Diversification Opportunities for MetLife and Chevron Corp

0.46
  Correlation Coefficient

Very weak diversification

The 3 months correlation between MetLife and Chevron is 0.46. Overlapping area represents the amount of risk that can be diversified away by holding MetLife and Chevron Corp in the same portfolio, assuming nothing else is changed. The correlation between historical prices or returns on Chevron Corp and MetLife is a relative statistical measure of the degree to which these equity instruments tend to move together. The correlation coefficient measures the extent to which returns on MetLife are associated (or correlated) with Chevron Corp. Values of the correlation coefficient range from -1 to +1, where. The correlation of zero (0) is possible when the price movement of Chevron Corp has no effect on the direction of MetLife i.e., MetLife and Chevron Corp go up and down completely randomly.

Pair Corralation between MetLife and Chevron Corp

Considering the 90-day investment horizon MetLife is expected to generate 0.93 times more return on investment than Chevron Corp. However, MetLife is 1.07 times less risky than Chevron Corp. It trades about 0.02 of its potential returns per unit of risk. Chevron Corp is currently generating about 0.01 per unit of risk. If you would invest  6,625  in MetLife on December 29, 2023 and sell it today you would earn a total of  767.00  from holding MetLife or generate 11.58% return on investment over 90 days.
Time Period3 Months [change]
DirectionMoves Together 
StrengthWeak
Accuracy100.0%
ValuesDaily Returns

MetLife  vs.  Chevron Corp

 Performance 
       Timeline  
MetLife 

Risk-Adjusted Performance

13 of 100

 
Low
 
High
Good
Compared to the overall equity markets, risk-adjusted returns on investments in MetLife are ranked lower than 13 (%) of all global equities and portfolios over the last 90 days. In spite of comparatively weak technical and fundamental indicators, MetLife unveiled solid returns over the last few months and may actually be approaching a breakup point.
Chevron Corp 

Risk-Adjusted Performance

6 of 100

 
Low
 
High
Modest
Compared to the overall equity markets, risk-adjusted returns on investments in Chevron Corp are ranked lower than 6 (%) of all global equities and portfolios over the last 90 days. In spite of fairly abnormal basic indicators, Chevron Corp may actually be approaching a critical reversion point that can send shares even higher in April 2024.

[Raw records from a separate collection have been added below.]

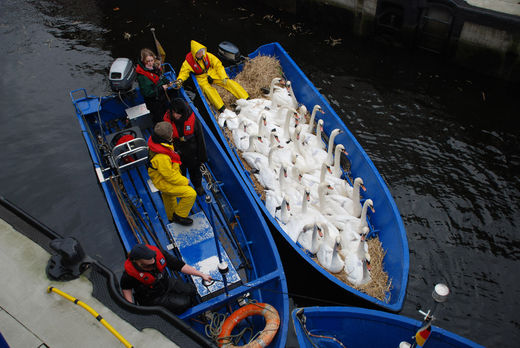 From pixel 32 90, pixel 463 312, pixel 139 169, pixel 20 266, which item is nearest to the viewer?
pixel 20 266

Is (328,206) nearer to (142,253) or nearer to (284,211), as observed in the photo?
(284,211)

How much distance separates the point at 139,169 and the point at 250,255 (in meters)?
3.56

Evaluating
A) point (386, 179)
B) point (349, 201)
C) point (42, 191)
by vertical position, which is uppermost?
point (349, 201)

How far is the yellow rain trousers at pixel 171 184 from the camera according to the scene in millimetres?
6605

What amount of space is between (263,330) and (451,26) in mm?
11373

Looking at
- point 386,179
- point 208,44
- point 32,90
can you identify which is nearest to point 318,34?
point 208,44

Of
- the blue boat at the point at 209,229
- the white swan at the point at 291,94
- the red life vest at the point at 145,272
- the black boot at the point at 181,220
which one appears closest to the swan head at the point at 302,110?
the white swan at the point at 291,94

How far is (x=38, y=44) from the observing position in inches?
597

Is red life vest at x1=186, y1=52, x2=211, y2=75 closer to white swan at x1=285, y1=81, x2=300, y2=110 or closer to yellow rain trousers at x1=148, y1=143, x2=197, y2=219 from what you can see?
white swan at x1=285, y1=81, x2=300, y2=110

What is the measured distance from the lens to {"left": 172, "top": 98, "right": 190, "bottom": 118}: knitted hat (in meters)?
7.32

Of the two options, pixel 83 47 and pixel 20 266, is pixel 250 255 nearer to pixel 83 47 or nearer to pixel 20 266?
pixel 20 266

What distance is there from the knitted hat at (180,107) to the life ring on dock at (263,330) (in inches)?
141

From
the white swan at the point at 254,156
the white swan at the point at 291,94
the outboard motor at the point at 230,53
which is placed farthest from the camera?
the outboard motor at the point at 230,53

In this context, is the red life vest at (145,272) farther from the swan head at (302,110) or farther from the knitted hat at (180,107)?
the swan head at (302,110) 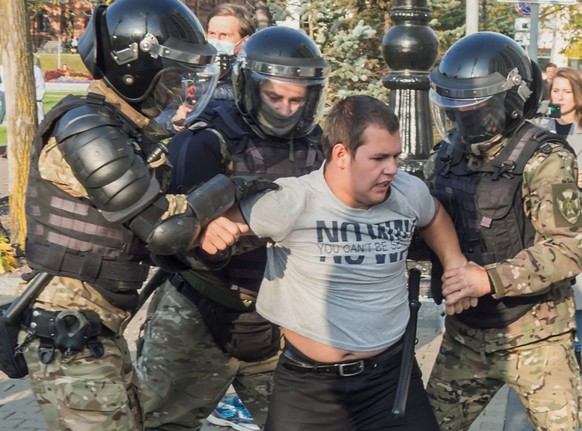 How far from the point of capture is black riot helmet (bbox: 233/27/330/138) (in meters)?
4.00

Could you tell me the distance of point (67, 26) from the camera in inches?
2400

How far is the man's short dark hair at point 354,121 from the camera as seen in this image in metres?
3.42

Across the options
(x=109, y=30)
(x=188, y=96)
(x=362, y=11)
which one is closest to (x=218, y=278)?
(x=188, y=96)

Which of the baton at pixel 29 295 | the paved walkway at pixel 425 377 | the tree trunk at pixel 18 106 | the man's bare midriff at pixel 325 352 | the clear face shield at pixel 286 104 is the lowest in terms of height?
the paved walkway at pixel 425 377

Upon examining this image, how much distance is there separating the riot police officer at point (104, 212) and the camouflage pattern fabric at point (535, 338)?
44.9 inches

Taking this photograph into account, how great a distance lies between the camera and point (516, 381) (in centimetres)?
394

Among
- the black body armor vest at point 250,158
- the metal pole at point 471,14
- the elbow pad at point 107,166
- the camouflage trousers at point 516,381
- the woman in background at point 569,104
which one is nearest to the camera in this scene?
the elbow pad at point 107,166

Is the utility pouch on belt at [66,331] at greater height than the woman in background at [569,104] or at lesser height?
greater

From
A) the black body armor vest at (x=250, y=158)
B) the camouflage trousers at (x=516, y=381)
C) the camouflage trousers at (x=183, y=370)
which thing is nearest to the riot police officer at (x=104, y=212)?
the black body armor vest at (x=250, y=158)

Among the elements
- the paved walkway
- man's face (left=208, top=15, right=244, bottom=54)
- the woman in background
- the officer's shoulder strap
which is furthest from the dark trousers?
the woman in background

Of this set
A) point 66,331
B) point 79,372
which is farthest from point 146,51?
point 79,372

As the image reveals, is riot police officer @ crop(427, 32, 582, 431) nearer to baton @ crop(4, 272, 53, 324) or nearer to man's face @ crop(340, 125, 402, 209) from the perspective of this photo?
man's face @ crop(340, 125, 402, 209)

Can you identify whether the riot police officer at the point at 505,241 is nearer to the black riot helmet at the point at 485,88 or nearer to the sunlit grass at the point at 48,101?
the black riot helmet at the point at 485,88

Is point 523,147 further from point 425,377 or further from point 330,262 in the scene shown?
point 425,377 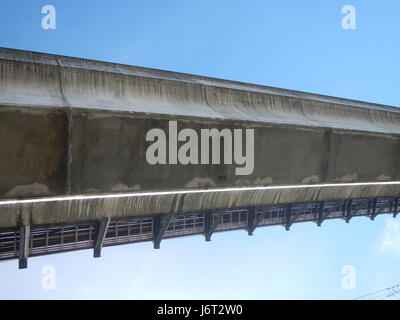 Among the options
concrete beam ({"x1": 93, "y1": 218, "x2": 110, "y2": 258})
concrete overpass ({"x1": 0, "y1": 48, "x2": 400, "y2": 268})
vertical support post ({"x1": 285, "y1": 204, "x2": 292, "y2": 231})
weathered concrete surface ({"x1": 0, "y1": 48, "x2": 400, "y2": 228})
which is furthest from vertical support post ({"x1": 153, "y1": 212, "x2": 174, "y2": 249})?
vertical support post ({"x1": 285, "y1": 204, "x2": 292, "y2": 231})

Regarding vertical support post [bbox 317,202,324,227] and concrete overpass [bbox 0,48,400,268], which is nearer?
concrete overpass [bbox 0,48,400,268]

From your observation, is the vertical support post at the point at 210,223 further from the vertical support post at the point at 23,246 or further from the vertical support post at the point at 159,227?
the vertical support post at the point at 23,246

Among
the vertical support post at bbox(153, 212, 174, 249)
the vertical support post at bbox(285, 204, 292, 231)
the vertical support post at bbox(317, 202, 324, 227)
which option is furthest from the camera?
the vertical support post at bbox(317, 202, 324, 227)

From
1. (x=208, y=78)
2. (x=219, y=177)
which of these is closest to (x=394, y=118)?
(x=208, y=78)

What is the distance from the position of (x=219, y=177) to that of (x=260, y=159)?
1.25 metres

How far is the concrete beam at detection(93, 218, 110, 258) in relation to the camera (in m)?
7.06

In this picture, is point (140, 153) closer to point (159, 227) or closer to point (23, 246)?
point (159, 227)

MetLife and Chevron Corp Volatility Contrast

   Predicted Return Density   
       Returns  

Pair Trading with MetLife and Chevron Corp

The main advantage of trading using opposite MetLife and Chevron Corp positions is that it hedges away some unsystematic risk. Because of two separate transactions, even if MetLife position performs unexpectedly, Chevron Corp can make up some of the losses. Pair trading also minimizes risk from directional movements in the market. For example, if an entire industry or sector drops because of unexpected headlines, the short position in Chevron Corp will offset losses from the drop in Chevron Corp's long position.
The idea behind MetLife and Chevron Corp pairs trading is to make the combined position market-neutral, meaning the overall market's direction will not affect its win or loss (or potential downside or upside). This can be achieved by designing a pairs trade with two highly correlated stocks or equities that operate in a similar space or sector, making it possible to obtain profits through simple and relatively low-risk investment.
Check out your portfolio center.
Note that this page's information should be used as a complementary analysis to find the right mix of equity instruments to add to your existing portfolios or create a brand new portfolio. You can also try the Insider Screener module to find insiders across different sectors to evaluate their impact on performance.